L'uomo, ritenuto a capo del clan Morabito-Rapisarda, sarebbe il mandante dell'agguato avvenuto nella mattina del 7 giugno 2014. L'accusa ritiene che si sia trattato di una vendetta per la morte del fratello, avvenuta per mano della vittima nel 1982. I suoi legali però denunciano contraddizioni nella tesi del pentito Musumarra
Paternò, va avanti il processo per l’omicidio Leanza Pentito accusa il presunto boss Salvatore Rapisarda
«Sarebbero state quattro le pistole a sparare e non tre, essendo stati trovati bossoli di quattro calibri differenti» e «non ci sarebbe stato un colpo di grazia alla nuca, a distanza ravvicinata, come descritto dal pentito». Sono questa alcune delle incongruenze rilevate dal consiglio difensivo del presunto boss Salvatore Rapisarda, ritenuto a capo del clan Morabito-Rapisarda – considerato alleato del clan Laudani – nella ricostruzione fatta, in video conferenza da una località segreta, dal pentito Francesco Musumarra (detto Cioccolata), sull’omicidio di Salvatore Leanza (detto Turi Padedda), l’ex ergastolano ritenuto appartenente alla cosca Alleruzzo-Assinnata, che sarebbe legata ai Santapaola- Ercolano, e del tentato omicidio della moglie di Leanza.

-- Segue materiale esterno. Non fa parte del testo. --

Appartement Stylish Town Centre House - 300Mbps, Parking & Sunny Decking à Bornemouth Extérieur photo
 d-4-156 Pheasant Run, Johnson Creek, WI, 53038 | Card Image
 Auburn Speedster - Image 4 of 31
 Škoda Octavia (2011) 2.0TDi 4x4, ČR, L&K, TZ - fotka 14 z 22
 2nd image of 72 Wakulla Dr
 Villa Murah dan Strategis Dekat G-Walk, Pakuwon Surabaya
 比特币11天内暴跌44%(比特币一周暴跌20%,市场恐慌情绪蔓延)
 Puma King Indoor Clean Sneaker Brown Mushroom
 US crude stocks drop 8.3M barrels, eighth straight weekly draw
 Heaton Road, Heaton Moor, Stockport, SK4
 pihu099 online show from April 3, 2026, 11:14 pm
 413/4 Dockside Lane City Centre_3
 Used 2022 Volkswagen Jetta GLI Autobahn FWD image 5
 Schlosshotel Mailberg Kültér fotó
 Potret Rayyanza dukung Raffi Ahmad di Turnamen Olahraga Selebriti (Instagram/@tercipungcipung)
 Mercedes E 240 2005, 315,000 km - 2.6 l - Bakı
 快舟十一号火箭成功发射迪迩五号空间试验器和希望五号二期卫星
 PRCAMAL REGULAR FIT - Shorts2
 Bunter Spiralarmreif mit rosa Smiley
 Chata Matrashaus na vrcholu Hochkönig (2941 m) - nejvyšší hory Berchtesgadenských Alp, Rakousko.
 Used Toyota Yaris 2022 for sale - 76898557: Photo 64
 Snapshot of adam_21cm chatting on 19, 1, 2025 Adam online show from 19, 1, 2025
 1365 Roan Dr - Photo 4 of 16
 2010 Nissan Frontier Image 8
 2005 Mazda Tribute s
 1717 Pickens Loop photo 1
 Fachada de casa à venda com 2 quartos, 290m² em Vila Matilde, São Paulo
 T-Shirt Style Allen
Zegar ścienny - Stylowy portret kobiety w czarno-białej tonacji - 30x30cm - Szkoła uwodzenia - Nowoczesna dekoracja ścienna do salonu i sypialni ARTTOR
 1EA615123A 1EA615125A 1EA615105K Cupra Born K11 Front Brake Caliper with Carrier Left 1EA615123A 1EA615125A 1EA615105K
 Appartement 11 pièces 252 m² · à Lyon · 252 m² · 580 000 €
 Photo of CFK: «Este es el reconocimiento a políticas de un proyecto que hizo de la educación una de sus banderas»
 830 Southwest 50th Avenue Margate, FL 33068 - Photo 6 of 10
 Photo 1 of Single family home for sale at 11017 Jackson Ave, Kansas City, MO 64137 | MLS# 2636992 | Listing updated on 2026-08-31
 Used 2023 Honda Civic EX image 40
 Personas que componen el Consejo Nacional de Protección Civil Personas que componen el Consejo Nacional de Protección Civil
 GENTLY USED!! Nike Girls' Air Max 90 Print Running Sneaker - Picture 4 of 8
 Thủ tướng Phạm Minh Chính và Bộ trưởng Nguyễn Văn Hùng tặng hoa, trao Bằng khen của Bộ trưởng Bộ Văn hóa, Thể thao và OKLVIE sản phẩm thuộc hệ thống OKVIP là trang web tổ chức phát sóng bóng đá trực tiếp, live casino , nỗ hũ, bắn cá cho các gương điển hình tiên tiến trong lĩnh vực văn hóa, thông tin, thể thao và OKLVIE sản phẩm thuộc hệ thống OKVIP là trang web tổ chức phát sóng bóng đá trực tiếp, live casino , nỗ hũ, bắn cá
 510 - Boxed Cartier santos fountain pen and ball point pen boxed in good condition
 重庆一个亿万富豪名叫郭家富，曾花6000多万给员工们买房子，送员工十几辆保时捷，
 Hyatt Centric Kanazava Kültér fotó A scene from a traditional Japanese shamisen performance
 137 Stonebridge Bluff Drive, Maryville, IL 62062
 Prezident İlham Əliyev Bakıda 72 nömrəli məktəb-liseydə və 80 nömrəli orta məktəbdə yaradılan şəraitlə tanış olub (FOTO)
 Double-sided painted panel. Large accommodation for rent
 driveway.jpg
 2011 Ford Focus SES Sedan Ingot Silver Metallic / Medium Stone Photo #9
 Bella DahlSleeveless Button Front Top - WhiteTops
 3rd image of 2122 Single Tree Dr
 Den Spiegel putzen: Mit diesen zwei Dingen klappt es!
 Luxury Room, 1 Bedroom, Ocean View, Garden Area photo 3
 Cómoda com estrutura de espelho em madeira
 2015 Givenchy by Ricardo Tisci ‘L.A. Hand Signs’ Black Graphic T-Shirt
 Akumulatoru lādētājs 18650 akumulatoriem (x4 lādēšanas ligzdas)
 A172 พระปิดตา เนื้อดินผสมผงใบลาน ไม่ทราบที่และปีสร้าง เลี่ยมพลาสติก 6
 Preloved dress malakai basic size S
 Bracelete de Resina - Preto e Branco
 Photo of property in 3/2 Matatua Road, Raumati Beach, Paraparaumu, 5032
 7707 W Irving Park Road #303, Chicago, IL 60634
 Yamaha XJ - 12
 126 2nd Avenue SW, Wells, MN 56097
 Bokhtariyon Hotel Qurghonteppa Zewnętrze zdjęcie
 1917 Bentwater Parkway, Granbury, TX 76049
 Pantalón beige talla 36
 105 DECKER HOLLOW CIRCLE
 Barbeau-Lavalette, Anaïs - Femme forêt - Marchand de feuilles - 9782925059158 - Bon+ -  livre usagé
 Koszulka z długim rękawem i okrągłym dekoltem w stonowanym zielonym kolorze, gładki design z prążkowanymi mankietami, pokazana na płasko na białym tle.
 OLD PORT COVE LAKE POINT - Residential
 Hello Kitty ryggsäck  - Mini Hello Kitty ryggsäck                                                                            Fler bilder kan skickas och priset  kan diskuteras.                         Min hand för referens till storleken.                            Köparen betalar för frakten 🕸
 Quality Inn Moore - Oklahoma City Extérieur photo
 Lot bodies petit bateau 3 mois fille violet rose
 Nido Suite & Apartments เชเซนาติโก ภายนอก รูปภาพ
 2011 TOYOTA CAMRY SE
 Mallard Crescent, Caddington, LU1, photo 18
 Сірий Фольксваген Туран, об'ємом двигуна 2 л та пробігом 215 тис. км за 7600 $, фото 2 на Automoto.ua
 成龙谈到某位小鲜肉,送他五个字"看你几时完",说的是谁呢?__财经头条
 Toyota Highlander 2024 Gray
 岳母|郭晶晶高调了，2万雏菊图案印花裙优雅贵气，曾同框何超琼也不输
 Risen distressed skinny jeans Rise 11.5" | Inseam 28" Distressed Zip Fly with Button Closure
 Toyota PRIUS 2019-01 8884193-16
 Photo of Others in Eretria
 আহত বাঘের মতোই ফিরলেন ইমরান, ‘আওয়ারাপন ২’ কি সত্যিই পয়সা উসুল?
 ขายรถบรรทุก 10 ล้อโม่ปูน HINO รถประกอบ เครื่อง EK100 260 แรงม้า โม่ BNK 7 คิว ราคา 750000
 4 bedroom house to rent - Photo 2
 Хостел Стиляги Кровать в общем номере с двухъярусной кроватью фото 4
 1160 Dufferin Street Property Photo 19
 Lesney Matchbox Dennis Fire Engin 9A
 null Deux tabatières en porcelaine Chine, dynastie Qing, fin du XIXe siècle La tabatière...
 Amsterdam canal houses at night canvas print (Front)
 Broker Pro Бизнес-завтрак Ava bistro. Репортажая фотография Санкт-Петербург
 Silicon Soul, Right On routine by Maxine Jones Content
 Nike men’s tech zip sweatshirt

Salvatore Rapisarda, difeso dagli avvocati Luigi Cuscunà e Guido Ziccone, è accusato di esserne il mandante. Nel corso dell’ultima udienza, tenutasi in corte d’Assise, è stato ascoltato dalla pubblica accusa il collaboratore di giustizia, che avrebbe ricostruito le fasi della preparazione e dell’esecuzione di Leanza. Secondo la sua tesi, Rapisarda volle vendicare la morte del fratello, avvenuta per mano di Leanza, nel 1982. Dalle indagini condotte dai carabinieri, grazie anche alle dichiarazioni del pentito, emergerebbe l’organico del gruppo di fuoco che avrebbe ucciso Turi Leanza, costituto dallo stesso pentito Francesco Musumarra, da Alessandro Farina, da Sebastiano Scalia (i tre avrebbero fatto fuoco utilizzando rispettivamente una calibro 38, una calibro 9 e una 7.65) e infine da Francesco Peci, che sarebbe stato alla guida dell’auto su cui il commando arrivò sul luogo dell’agguato e che avrebbe dovuto bloccare, secondo la ricostruzione del pentito, l’eventuale fuga di Leanza che, assieme alla moglie, che si trovava alla guida di un Alfa Romeo 156.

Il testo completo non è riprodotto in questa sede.